Engineers are the chief revolutionaries of our time. . . . When engineers in greater numbers come to know explicitly what they are doing, when they recognize their dedication, they can join with alert humanists to shape a new humanism which will speak for and to a global democratic culture.

—Lynn White1

By its very nature, engineering is a normative practice. Engineers distinguish themselves from scientists and—as this essay investigates—perhaps also from humanists by building their imaginary world—the ought of technology—into the real world.2 But the mind’s eye of the engineer sees not [End Page 753] only diagrams, equations, and models of things. What engineers know is also formed by malleable assumptions about how society works, how it worked in the past, and how it will or will not change as a result of their interventions. How they know, moreover, comes not simply through cultural osmosis, on the job acculturation, or from the various familial relations, private organizations, and media that contribute to an individual’s worldview; rather, since the turn of the twentieth century, to a significant degree engineers’ social knowledge has been designed. Like diagrams, equations, and models, it has been instilled through credentialed training in the reading of social texts, sometimes guided by engineering faculty and at other times by specialists in the humanities and social sciences. Even among engineering educators, the normative dimension of this training often fails to attract serious deliberation. Engineering faculty consider the humanities and social sciences a necessary, but comparatively small, time commitment for fostering communication skills, good citizenship, and cultural finishing, while students often view such knowledge as irrelevant to their future careers.

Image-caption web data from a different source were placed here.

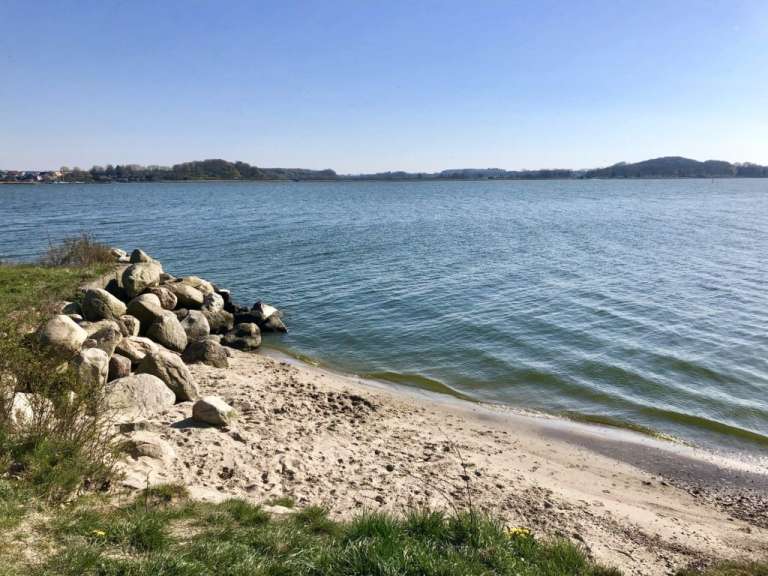Ein großer See mit vielen Felsen am Ufer
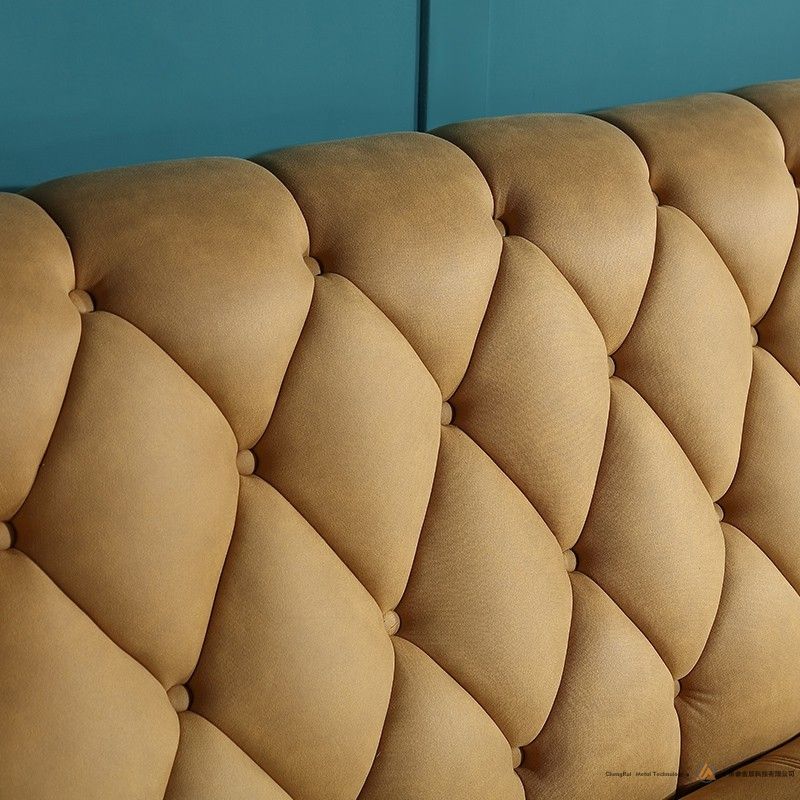 现代黄色软垫切斯特菲尔德沙发高背簇绒沙发3座不锈钢金色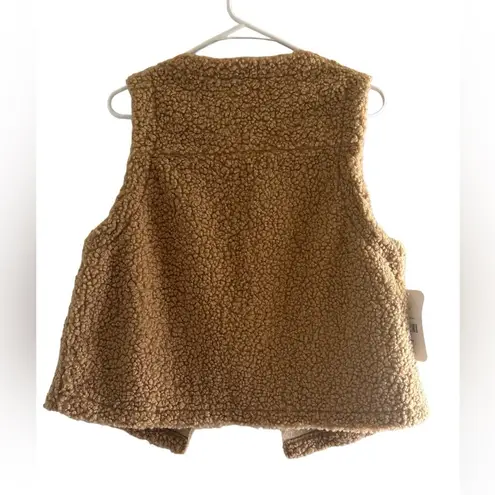 NWT taupe vest with side pockets and front full closures, Size Medium Tan
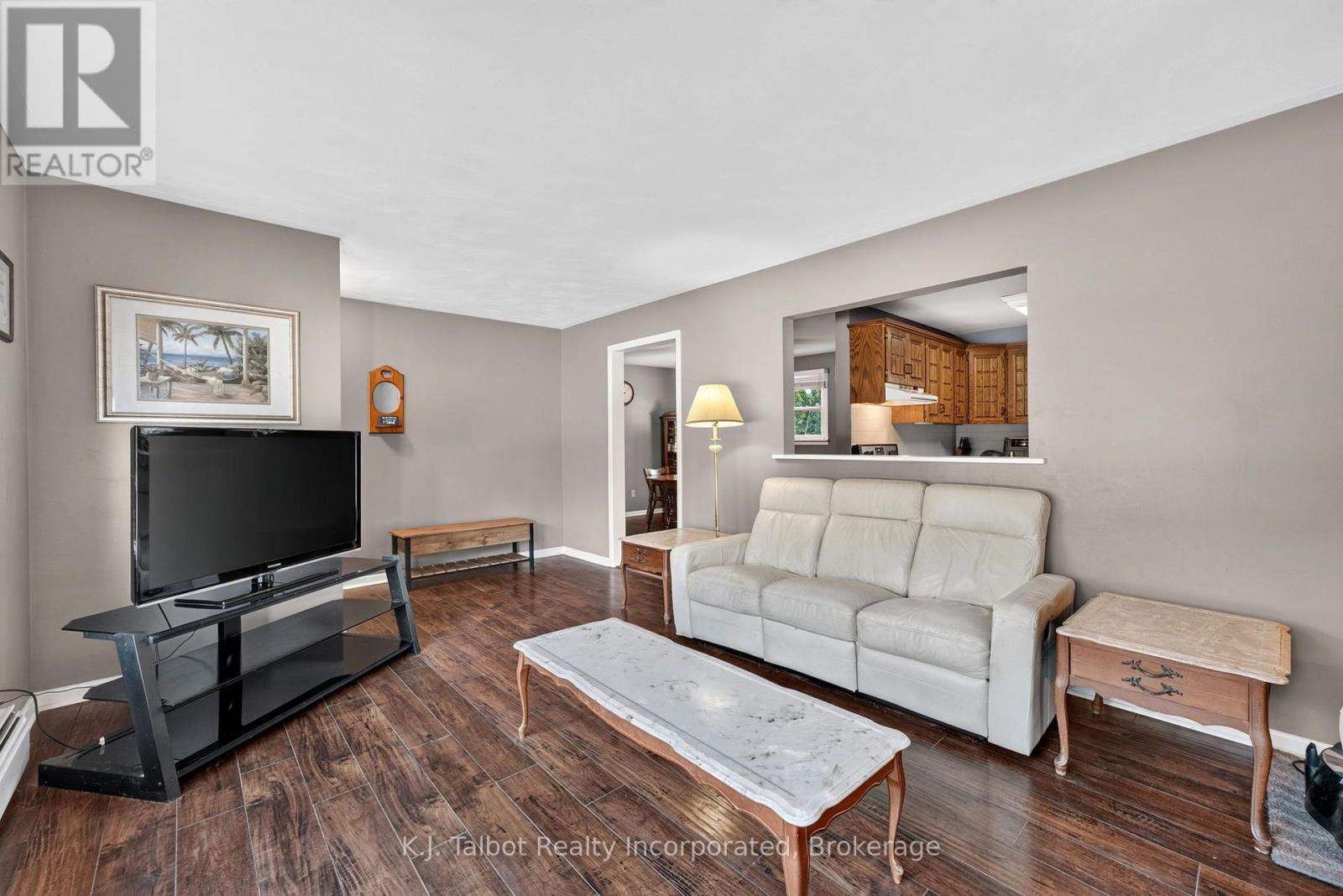 85 PICTON STREET W - 9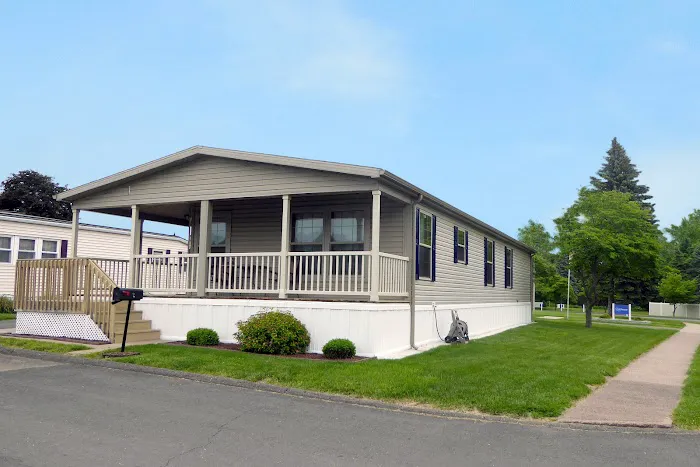 Rivermead Point North / South Manufactured Home Community Picture 4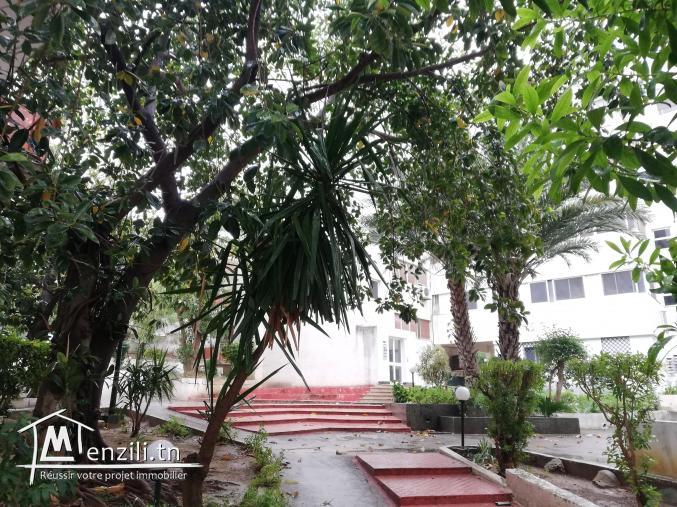 Apparemment à nord Hilton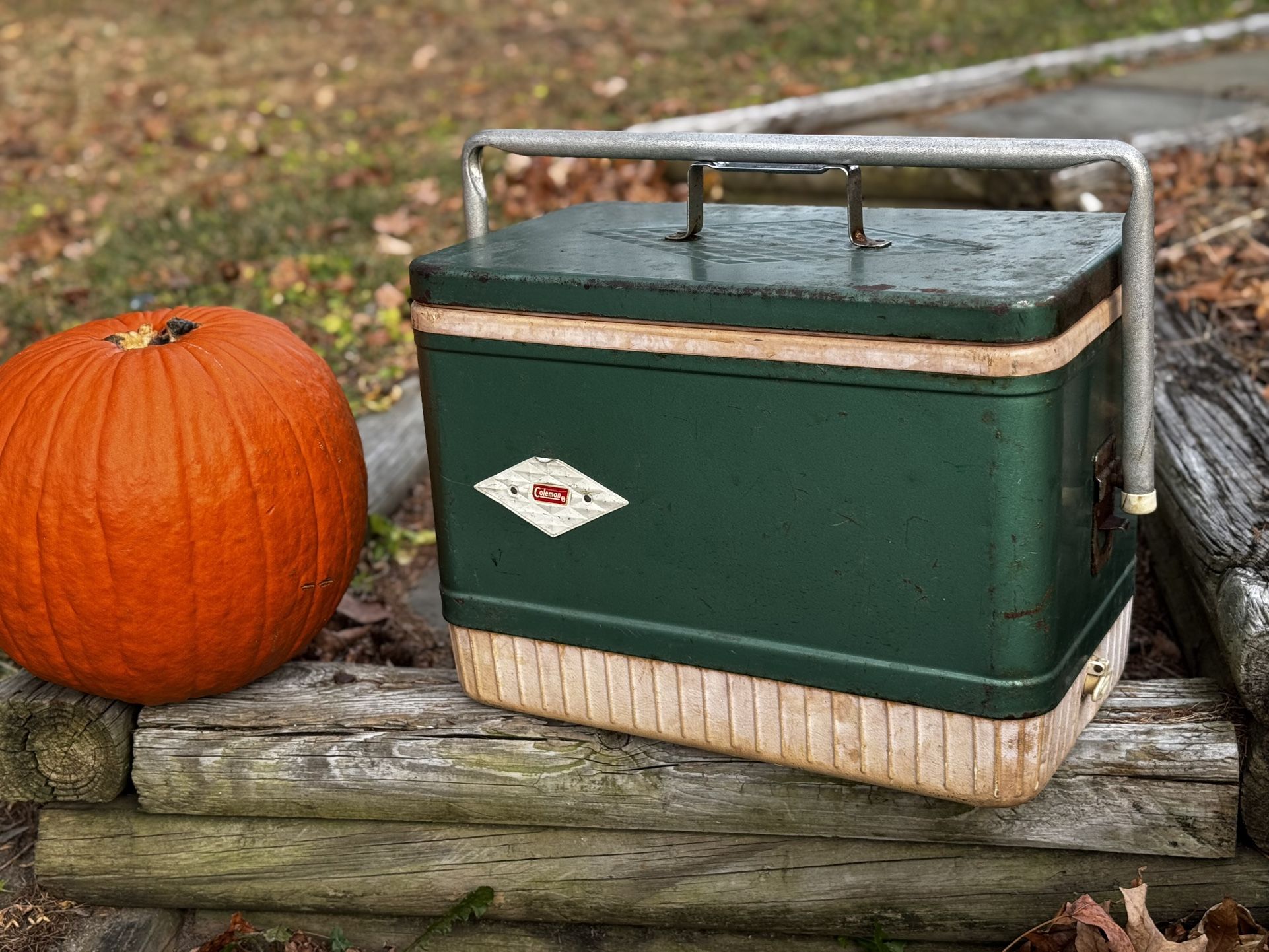 Rare vintage Coleman metal cooler green diamond snowlite + handle lock MCM (August 1965)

Nonetheless, for almost as long as engineering careers in the United States have begun in the academy, reformers have targeted the humanities and social-science elements of their curricula to reinvent who engineers should be. The Mann report of 1918, A Study of Engineering Education, the first national study of engineering education, called for “humanistic” coursework, particularly the study of writings by prominent engineers, to instill “humane intelligence” and the “professional spirit.”3 Similarly, during the Great Depression, Robert Doherty developed his social-relations curriculum to mold engineers as agents of change.4 As David Noble has shown, the strongest call for enhanced social knowledge in the curricula of the 1920s and 1930s came from corporate employers who were convinced that a “liberal education gives power over men.”5 Yet another wave of reform, initiated by H. P. Hammond’s reports of 1940 and 1944, produced a new humanistic-social division within the American Society for Engineering Education (ASEE) to promote coursework that would help the young engineer “reach his own decisions in meeting the problems of his study, his work and his life; and, equally important, skill in learning from doing this.”6 Educators in the [End Page 754] burgeoning cold war research university—some trained in engineering disciplines, others in English and history—modulated these claims into “general education” for democratic citizenship.

This half-century of pedagogical change altered the manner in which engineering students encountered Plato’s Republic, Marlowe’s Dr. Faustus, and the like. But to the consternation of reformers, most engineers—preoccupied by an explosion in the scale and scope of scientific research—retained the view that the nontechnical was noncritical, and hence students followed their lead. Then, in the late 1960s, business-as-usual threatened to be upended as America’s culture wars challenged engineers’ foundational assumptions about technology and society.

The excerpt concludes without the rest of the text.